Paul Wright (Your Letters, October 21) is quite correct in highlighting the "nimbyism" that has held Malvern back for decades. However, our other great problem is the myopia of our so-called leaders, in both the local councils and quangos, like the PCT.
This is typified by the farcical approach to our hospital facilities. Worcester Royal is already too small, with inadequate parking and insufficient room for expansion. In any case, it was not designed to operate in isolation, it was supposed to be supplemented by smaller, but improved, satellite hospitals in Malvern, Pershore and Evesham.
Yet, we now learn that Worcester, which is already taking casualties from Kidderminster, is also to receive patients from Redditch. This was announced on the very day that some unfortunate lady from Canterbury Road, a stone's throw from the Royal, was refused admission because the hospital was full, so she had to be transferred to Redditch!
What of our own local hospital? After 30 odd years of inertia, the PCT and district council offer us the choice of a barely satisfactory site or an unsatisfactory site and a 'public consultation' is arranged (I would have said organised, but that would be stretching the truth). In the meantime, the unsatisfactory site is withdrawn, so we have no choice at all. The consultation still goes ahead and the contributors frequently make the point that they don't want the mistakes of Worcester to be repeated. But, when the process is finished, and the public have chosen the only site on offer, the chief executive of the PCT tells us that some of the site will have to be sold off to provide funding and then leaves to take up another job.

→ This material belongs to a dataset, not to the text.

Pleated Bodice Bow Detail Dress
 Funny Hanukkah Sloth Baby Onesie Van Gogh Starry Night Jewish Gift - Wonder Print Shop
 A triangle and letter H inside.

Now, a local landowner comes forward and offers an ideal site, free of charge, that will solve several of Malvern's problems at a stroke, provided our local authorities seize the initiative. But no! Apart from a few honourable exceptions, the nimbys and myopics pop up to say it's too late, we should just go ahead with half of Seaford Court; or that it's too difficult, we would need to alter the local plan etc, etc.
They are quite prepared to give permission for the construction of yet another "convenience" store in the Link, or the redevelopment of North Site, without the major road improvements everyone, except the highways authority, realise are necessary.
I am afraid that, very soon now, our increasingly dictatorial central government will be making these choices for us, as John Prescott is determined to press on with his pet project of regionalisation.
Malvern is going to change whether we like it or not. We need our local authorities to show some vision and leadership, so the change is managed locally and not by a remote quango in Birmingham.
Richard Spencer, Court Road, Malvern.